このクラックがいつ、どのようにして発生したかはわかりませんが、依頼者様の話ではこの家を建てて間もなく、庭に重機を入れるため西側の擁壁部分の土工事を行ったことがあるそうでした。もともと地盤はいいところですし、現況では安定しているようですので、しっかり基礎の補修をしておけば問題はないと判断されました。
弱点をちょっと改善しただけで
A邸は親しい大工さんがていねいに仕上げた家だから、全体としてみればかなり程度がいい建物です。壁には筋交いがしっかり入っていますし、火打ちなど締結補強金物も過不足なく使われていました。したがって診断で指摘された弱点を少し改善するだけで、ほぼ安全な家にすることができるはずです。
そこで阪本さんが提案した改善プランは、まず基礎をエポキシ樹脂注入により徹底的に補修し、とくに大きく破断していた西側には、さらに基礎補強鋼材でサポートすることにしました。また壁量の不足を補うために、北西隅の押入れの壁強度を高めることにしました。家全体のバランスを検討した結果、この1か所の壁補強で所期の目的は達せられると判断されたためです。主な補強ポイントはこの2点だけですが、依頼者様邸の診断数値は「一応安全」というレベルまで改善されています。また直下型地震に備えて、壁補強か所以外の出隅など6か所に外付け型のホールダウン金物が取り付けられています。
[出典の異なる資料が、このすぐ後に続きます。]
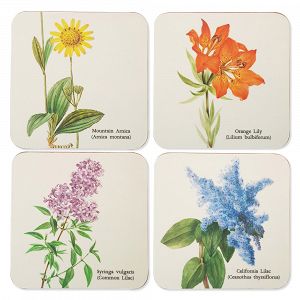 Set of 4 coasters BOTANICAL Wild Flowers by Kokonote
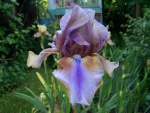 Tall Bearded Iris Burnt Toffee
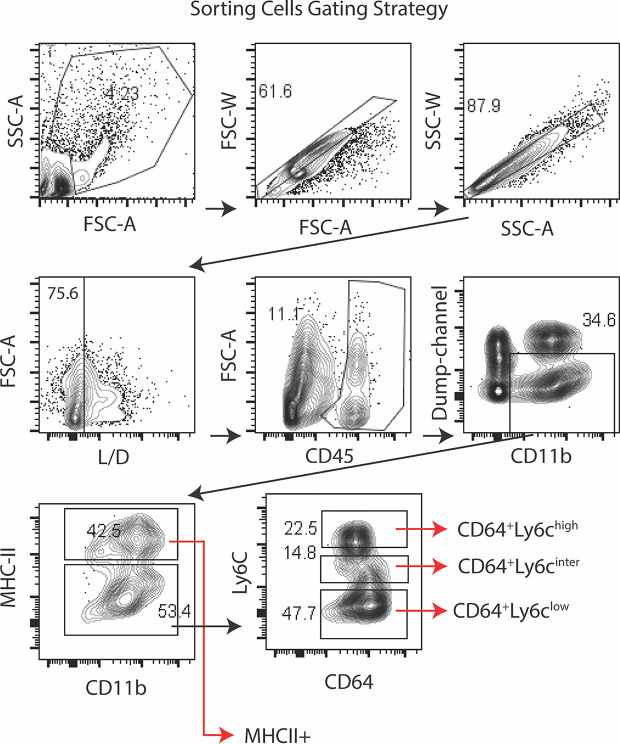 Figure 3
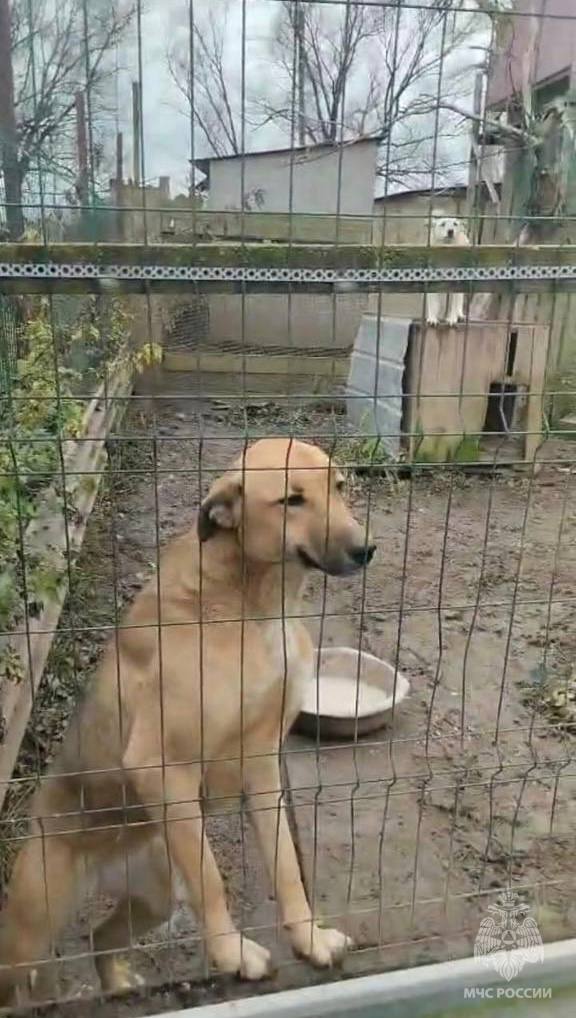 В Тверской области сотрудники МЧС подарили корм и заботу животным передержки «Новая жизнь» В Тверской области сотрудники МЧС подарили корм и заботу животным передержки «Новая жизнь»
施主様からは「今回の耐震補強を一番喜んでいるのは、私より家内でしょう。地震が来るたびにビクビクしていましたから。いまでは私も会社は息子に任せて家にいることが多いので、やはり安全にしておきたいという思いはありました。 まだ工事が終わったばかりなので、とくに気づいたこともありませんが、これで大地震がきても助かるだろうという安心感があります」とのお言葉をいただきました。